9. To repeal the Decree of the President of Ukraine No. 493 as of May 21, 1998, “On amendments to some decrees of the President of Ukraine in the issues of state registration of regulatory acts.”

10. To establish an open register of all regulatory acts of the prosecutor’s office and an open database on enactments concerning rights and obligations of citizens.

11. To create conditions for members of territorial communities to familiarize themselves with all decisions of the bodies of local self-government (in the most efficient way depending on the circumstances). Where possible, to create websites of bodies of local self-government with obligatory placing of the complete register and texts of all adopted decisions.

12. To secure publishing and open and unrestricted access to all decisions of local administrations (at the level of oblasts and the cities of Kyiv and Sevastopol).

13. Representatives of mass media, advocacy and other non-governmental organizations should research effectiveness of active and passive access to information at the central and local levels and more actively appeal by judicial procedure against officials’ inaction as to providing information and their refusals to provide information.

14. Representatives of advocacy and other non-governmental organizations should appeal by judicial procedure against “lists of data that contain no features of public information”, and lists of “confidential information of bodies of local self-government”.

 

[1]  Prepared by Oksana Nesterenko, Kharkiv Human Rights Protection Group expert on issues of freedom of opinion and expression.

[2]  Law on access to public information is fulfilled on 50% — expert. //http://nbnews.com.ua/news/27350

[3]  Ibid.

[4]  See research of the East-Ukrainian Center of Public Initiatives “Through access to general construction plans to corruption-free urban development”// http://totalaction.org.ua/node/924

[5]  Which requires that data, access to which is restricted, have to be clear, to described specifically and comply with the three-part test.
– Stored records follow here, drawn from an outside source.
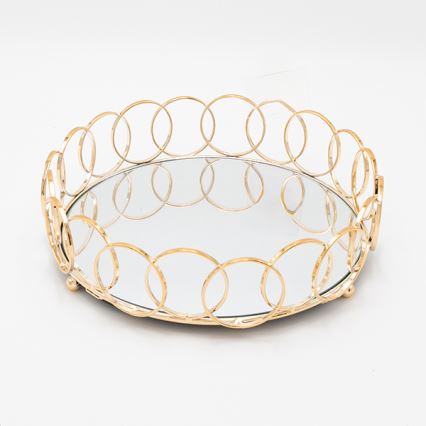 KIT 3x Dekorativt bricka diameter 27/33/37 cm guld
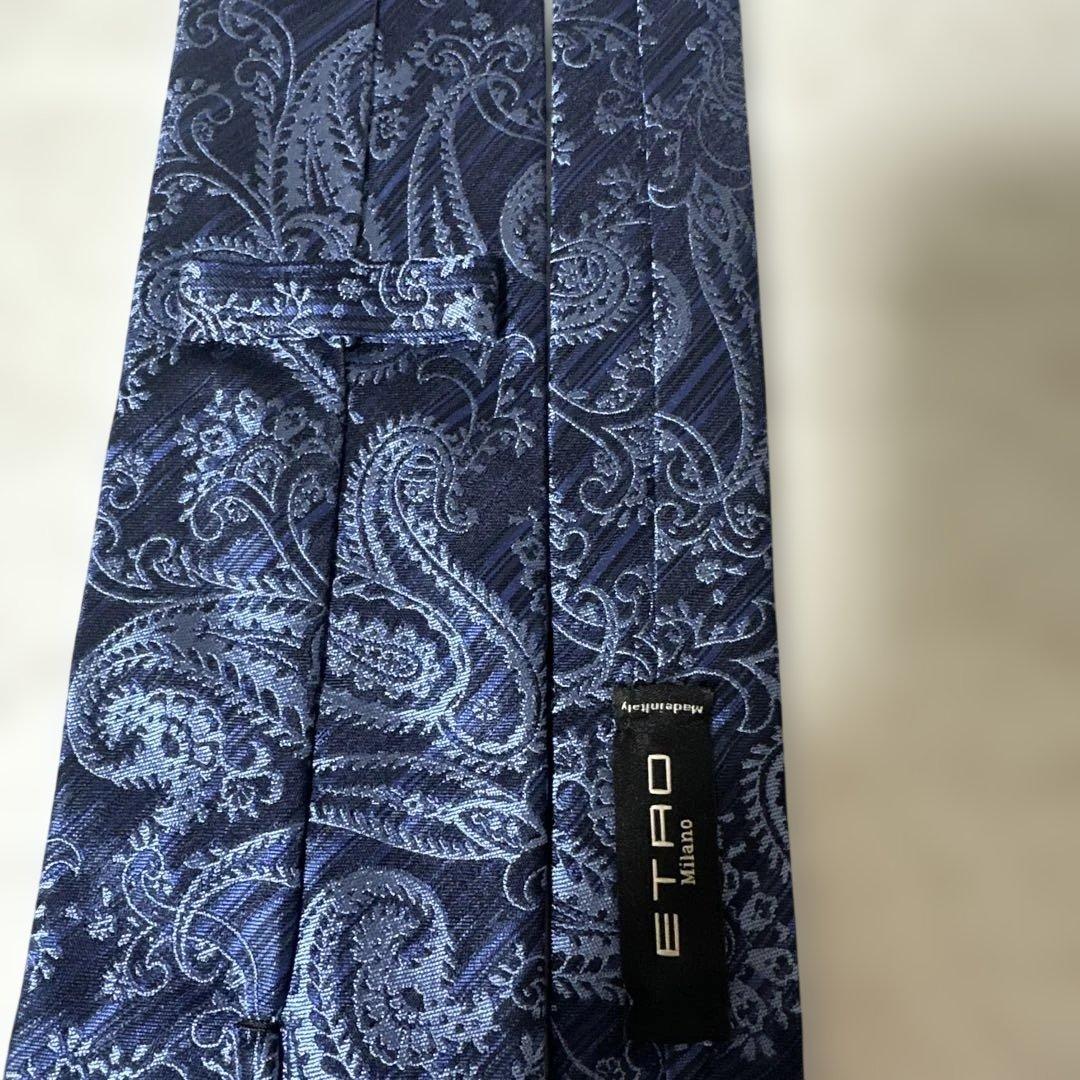 エトロ　ネクタイ　ペイズリー柄　ブルー系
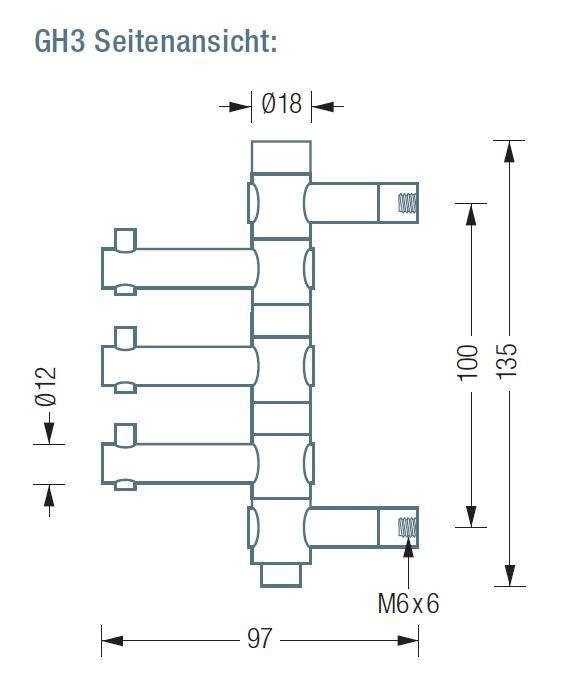 GH3 Wandhaken mit 3 drehbaren Haken, Edelstahl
And namely: information has to concern a legitimate goal stipulated by the law; disclosure of information to public may cause significant harm to the named legitimate goal; the harm that can be caused to the mentioned goal has to outweigh the public interest in obtaining this information (currently the only draft law that follows this standard is the draft law “On Access To Public Information”, submitted to Verkhovna Rada by People’s Deputy A.V. Shevchenko).